Der Vergleich mit fossilierten Knochen ergab: Diese Spuren muss ein Iguanodon hinterlassen haben.
Foto: Neil Davies

Cambridge – Die historische Grafschaft Sussex im Süden Englands war einer der Orte, an denen die paläontologische Erkundung des Dinosaurier-Zeitalters ins Rollen gekommen ist: Hier wurden im frühen 19. Jahrhundert die ersten Fossilien des berühmten Iguanodons entdeckt. Der acht Meter lange Pflanzenfresser aus der frühen Kreidezeit war einer der ersten Dinos überhaupt, die wissenschaftlich beschrieben wurden.

Nach einer Reihe weiterer Funde melden Forscher der Universität Cambridge nun einen ganz besonderen: Nahe Hastings in East Sussex legten die Paläontologen Fußspuren von Dinosauriern frei, die ebenfalls auf die frühe Kreidezeit zurückgehen. Sie sind so gut erhalten, dass man an manchen noch die Gewebestrukturen der Fußsohlen ablesen kann. Die Textur von Haut und Schuppen ist ebenso erhalten geblieben wie die kleinen Löcher, die die Krallen der hier durchspazierten Dinos im Boden hinterlassen haben.

Die Spuren lassen deutlich die Textur der Iguanodon-Haut erkennen.
Foto: Neil Davies

Wie Studienerstautor Anthony Shillito im Fachmagazin "Palaeogeography, Palaeoclimatology, Palaeoecology" berichtet, konnte man bei Grabungskampagnen von 2014 bis 2018 schon 85 Fußspuren identifizieren, die auf mindestens sieben verschiedene Spezies zurückgehen. Das macht den Fund zum bisher größten seiner Art in Großbritannien. Fleischfressende Theropoden haben sich hier ebenso verewigt wie große Pflanzenfresser, darunter einmal mehr das Iguanodon, aber auch Ankylosaurus, ein Stegosaurier-Verwandter und möglicherweise auch Sauropoden. Je nach Art reichen die Fußabdrücke von zwei bis 60 Zentimeter Größe.
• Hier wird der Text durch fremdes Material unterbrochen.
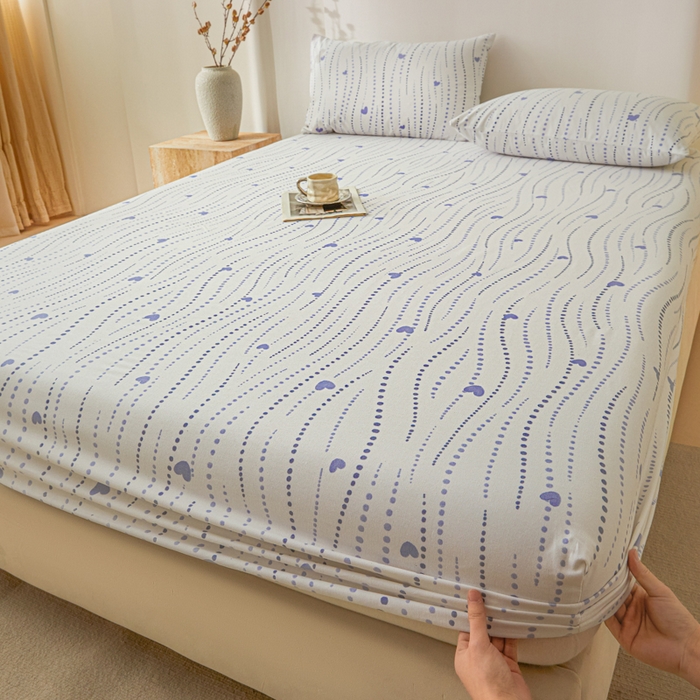 91家纺网 家纺一手货源 找家纺 鑫钰2025新款纯棉全棉老粗布床笠--北欧风 流心岁月（灰）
Die Forscher vermuten, dass sich hier in der Kreidezeit eine Wasserstelle befand, wodurch der gleiche Effekt zustande kam wie heute bei Wasserlöchern in der Savanne: Verschiedenste Pflanzenfresser finden sich am selben Ort zum Trinken ein, und die Jäger folgen ihnen auf dem Fuß. Der Boden muss eine heikle Balance halten, um so etwas zu konservieren, berichtet Shillito. Er muss weich und klebrig genug sein, dass er Fußabdrücke zulässt, aber nicht so feucht, dass sie sich gleich wieder verwaschen. Diese Mischung tritt nur selten auf, entsprechend rar sind Funde wie dieser hier.

Dieser Abdruck stammt von einem kleinen Theropoden, die Spezies ist noch unklar.
Foto: Neil Davies

Shillito betont, dass man aus fossilen Fußspuren Dinge lernen kann, die man aus herkömmlichen Fossilien nicht erfährt: Sie ermöglichen Rückschlüsse darauf, welche Dino-Arten miteinander im selben Lebensraum existierten und welche besonders häufig waren. Zugleich lässt sich ablesen, ob es sich um soziale Tiere oder um Einzelgänger handelte.

In weiterer Folge will sich der Forscher aber noch einer etwas spezielleren Frage widmen. Man weiß, dass große Tiere ihre Umwelt beeinflussen – Flusspferde etwa können den Lauf ganzer Flüsse verändern, indem sie "Kanäle" graben. Ähnlich könnte es sich bei den noch massigeren Dinos verhalten haben, aber Belege dafür sind nur äußerst schwer zu finden. Immerhin wurden an dem nun entdeckten Dino-Verkehrsknotenpunkt auch die Überreste von Pflanzen entdeckt, die in besonders tiefen Fußabdrücken gewuchert sein müssen: ein erster Hinweis darauf, wie die Dinosaurier ihren Lebensraum umgestalteten. (jdo, 18. 12. 2018)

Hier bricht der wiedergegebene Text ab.